+++ DATA
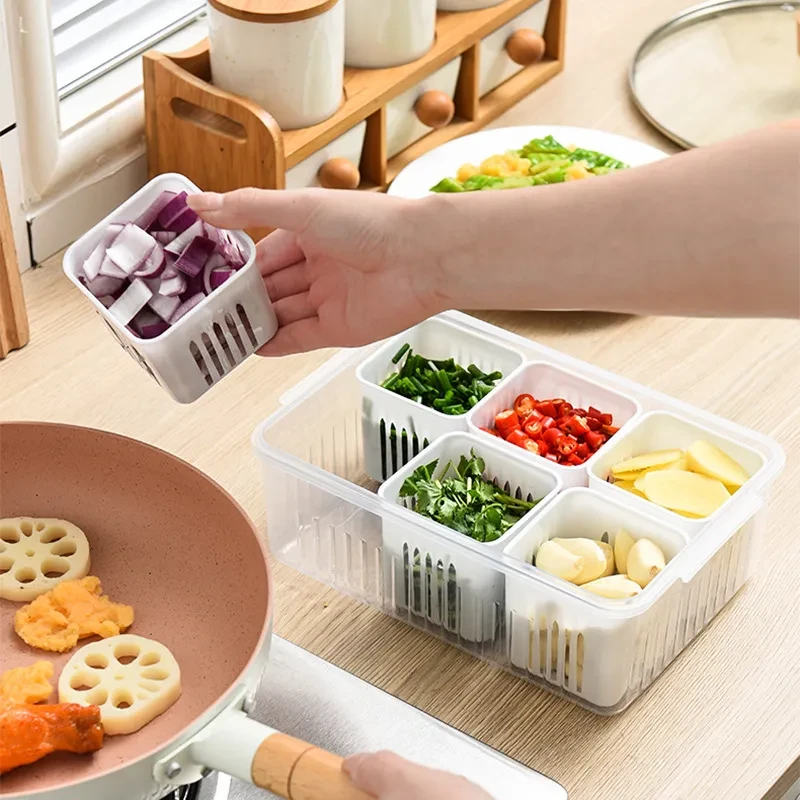 Simple Refrigerator Crisper β Single-Layer 6-Grid Green Onion Compartment Organizer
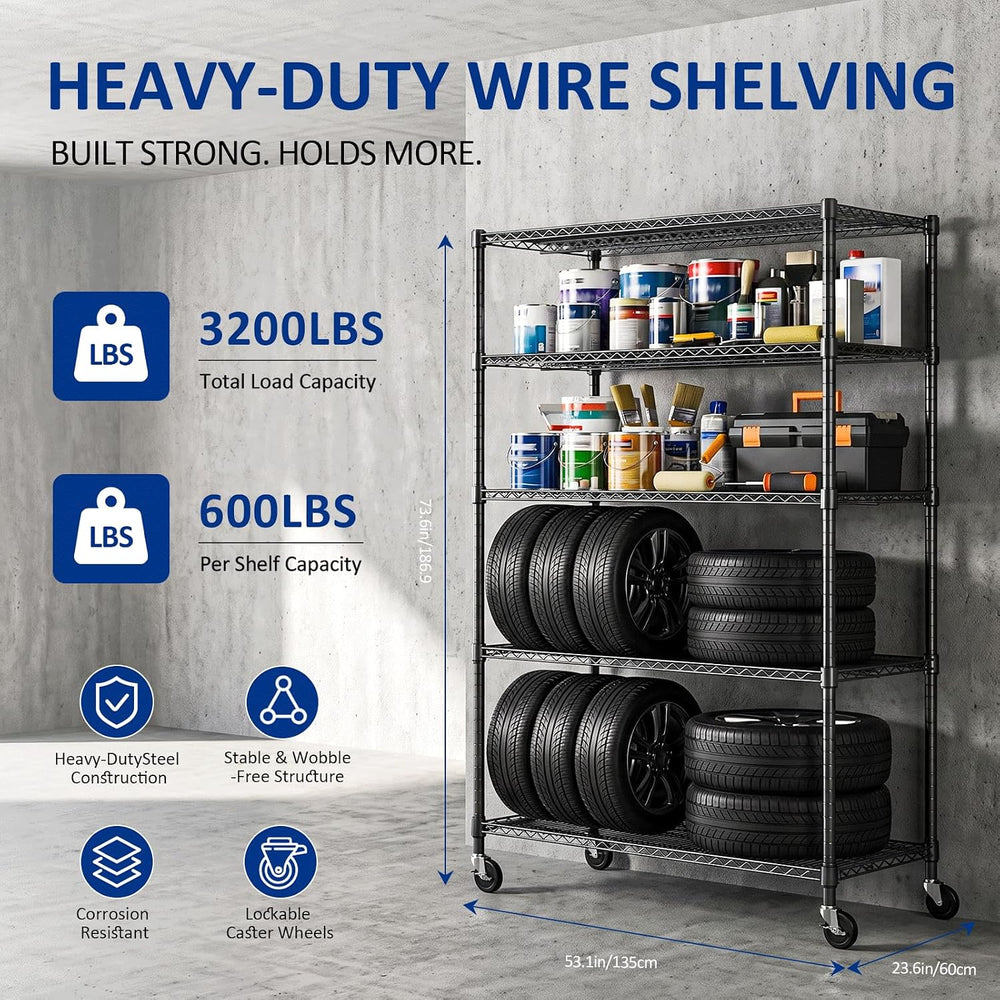 IZEUK Heavy-Duty 24" Depth Black Metal Wire Pantry Shelves for Storage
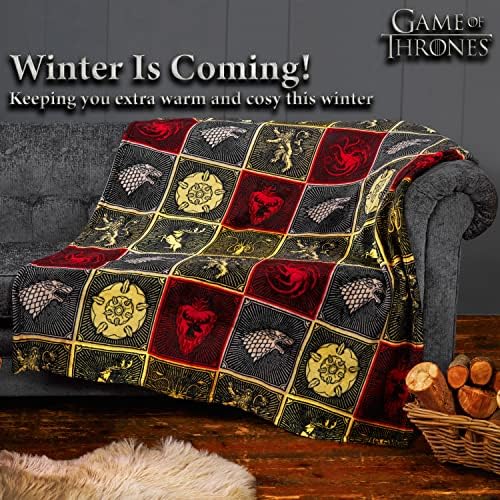 Game of Thrones Gifts Merchandise GOT Blanket Super Soft Bed Throw Stark Lannister Targaryen Greyjoy Baratheon Tyrell Great House Symbols Westeros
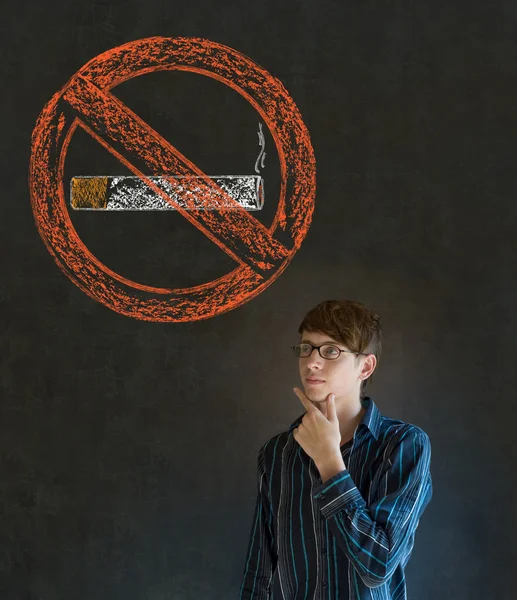 No smoking tobacco man on blackboard background — Stock Photo, Image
++++++
WORK INSTRUCTION -
Retype, word for word, only the line holding "Game of Thrones" and the lines after it through the final line of the listing above, and leave every picture out.

ANSWER BOX -
 Game of Thrones Gifts Merchandise GOT Blanket Super Soft Bed Throw Stark Lannister Targaryen Greyjoy Baratheon Tyrell Great House Symbols Westeros
 No smoking tobacco man on blackboard background — Stock Photo, Image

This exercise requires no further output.